Auburn quarterback Cam Newton has not only taken college football by storm this season, but his impressive play week in and week out has suddenly caused many NFL talent evaluators to work some overtime in the likelihood that he decides to come out early. However, with a barrage of character concerns now being brought to the forefront surrounding Newton, the question remains: Is he really the type of prospect everyone in the media is making him out to be?
The National Football Post breaks down the game of Newton and puts our spin on him as an NFL draft pick.
ICONNewton is a bear to bring down in the open field.
At 6-6, 250 pounds, Newton possesses great size for the position. He stands tall in the pocket, keeps the ball held high and doesn’t have any type of trouble seeing over the line of scrimmage and viewing the entire field. Plus, he’s a strong kid with natural flexibility in his lower half. Displays the ability to consistently keep plays alive with his legs, showcases impressive lateral quickness and balance for a guy his size and accelerates extremely well out of his breaks. He possesses the type of strider speed to pick up yards in chunks once he gets into the second level and has the type of demeanor to finish runs. Does a nice job in short-yardage situations, being patient, dropping his pad level level and simply bulling for tough yards inside while consistently being able to shrug off defenders in the pocket, keep plays alive and create once he breaks contain. He’s a major threat any time he’s able to get into the open field and can really hurt you with his legs.

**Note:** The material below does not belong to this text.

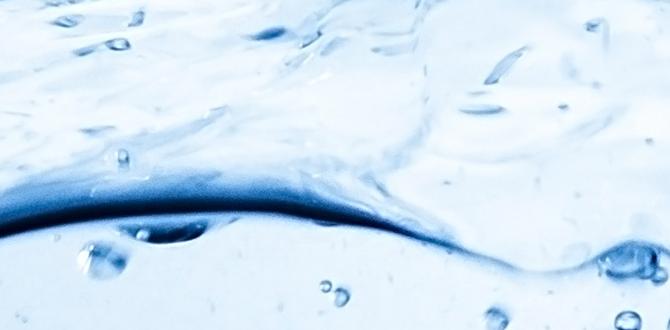 Water availability and gardening best states for gardening Water availability and gardening best states for gardening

Simply put: the guy has the ability to make all the throws with ease. I can’t wait to see Newton’s hand size because the way the guy is able to grip and rip the football is as good as it gets. He generates good torque from his lower half when he’s able to step into his throw, transferring his weight well from his back foot and really produces a lot of explosion through his upper body when he lets go of the pass. He spins a clean football, as passes really seem to jump out of his hands, especially when asked to make plays in the intermediate pass game and down the seam. He showcases the velocity to consistently fit throws into tight areas, but never seems to be pressing of trying to overthrow the ball.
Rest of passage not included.